Wound infection for interrupted-X was 5% at 6 weeks and three months and about 2.5% for Professor Hughes technique. P value=0.5 hence the difference was not statistically significant. But there was slight decrease in wound infection associated with Professor Hughes method.5

 

Wound Dehiscence

Wound dehiscence was present in 20% in group 1 and 10% in group 2 on the 3rd post-operative day with increased relative risk with interrupted X.

Wound dehiscence was present in 35% in interrupted-X and 22.5% in Professor Hughes technique at 6 weeks but the difference was not statistically significant. Wound dehiscence at 3 months was 15% in interrupted X and none in Professor Hughes technique but the difference was not statistically significant. Studies comparing interrupted X and professor Hughes technique shows slight decreased in wound dehiscence with Professor Hughes technique.

 

Suture Sinus

Suture sinus was present in 15% and 10% cases in Professor Hughes technique in 6 weeks and 3 months respectively and none in interrupted-X. But the difference was not found to be statistically significant.

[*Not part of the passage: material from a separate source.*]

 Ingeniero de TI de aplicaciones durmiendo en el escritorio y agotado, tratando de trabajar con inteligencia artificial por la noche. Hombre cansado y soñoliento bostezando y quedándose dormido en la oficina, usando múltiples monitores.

Relative risk was also calculated, and it was found that Professor Hughes method with nylon has more risk for suture sinus formation. Non absorbable sutures have higher chances of suture sinus formations compared to absorbable sutures.6

 

CONCLUSIONS

  1. Wound infection was lower with Professor Hughes’ far near technique, but difference was not statistically significant.
  2. Wound dehiscence and burst abdomen were low with Professor Hughes’ far near technique but difference was not statistically significant
  3. Suture sinus was slightly higher in Professor Hughes’ technique with nylon than interrupted-X with Vicryl but the difference was not statistically significant.
  4. Time consumed was less with Professor Hughes’ far near technique and was statistically significant.
  5. Length of suture material used was less in Professor Hughes’ method while maintaining the SL: WL>4 hence cost efficient.

 

Hence Professor Hughes’ far near technique is the preferred method since it causes lesser complications and is time efficient and cost efficient.

ACKNOWLEDGMENTS

The authors would like to thank all the colleagues in department of general surgery who extended their cooperation, time and cooperation.